Paul Mitchell reported on the incidence of family history on the prevalence of glaucoma and ocular hypertension in the Blue Mountains eye study. He concluded that taking a positive family history of glaucoma remains useful, but will almost certainly underestimate genetic influence and is confounded by many biases.

Paul Mitchell also reported on the relationship between vascular hypertension, other cardiovascular diseases and glaucoma in the Blue Mountains eye study. He concluded that hypertension appeared to be a risk factor for glaucoma, with a high population attributable risk (22.6%), due to its relatively high prevalence.
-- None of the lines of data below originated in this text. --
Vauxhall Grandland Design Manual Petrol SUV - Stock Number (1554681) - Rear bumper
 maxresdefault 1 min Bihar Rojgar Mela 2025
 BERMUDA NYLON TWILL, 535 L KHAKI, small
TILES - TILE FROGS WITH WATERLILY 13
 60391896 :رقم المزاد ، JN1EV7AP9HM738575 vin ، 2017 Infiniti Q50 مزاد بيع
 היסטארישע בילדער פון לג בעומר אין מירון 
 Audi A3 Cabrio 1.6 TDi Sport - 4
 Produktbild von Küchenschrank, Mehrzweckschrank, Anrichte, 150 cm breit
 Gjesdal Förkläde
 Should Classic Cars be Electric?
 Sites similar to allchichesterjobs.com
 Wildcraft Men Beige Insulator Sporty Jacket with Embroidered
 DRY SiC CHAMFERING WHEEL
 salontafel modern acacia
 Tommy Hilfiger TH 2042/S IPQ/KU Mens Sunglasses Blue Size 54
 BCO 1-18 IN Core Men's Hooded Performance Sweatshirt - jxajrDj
In the miscellaneous glaucoma session, David Mackey presented a paper on vigabatrin (Sabril, an anti-epileptic medication, a selective inhibitor of GABA transaminase) associated visual field less resembling low-tension glaucoma. The field loss seemed to be related to current drug usage and arrested once weaned from vigabatrin.

Alan Kosmin reported on human retinal development. He concluded that the final developmental ganglion cell number is largely reached by the normal delivery date.

Representatives of the pharmaceutical companies made scientific presentations in their field of interest.

There were panel sessions on the management of challenging cases and of difficult cases, with lively discussion.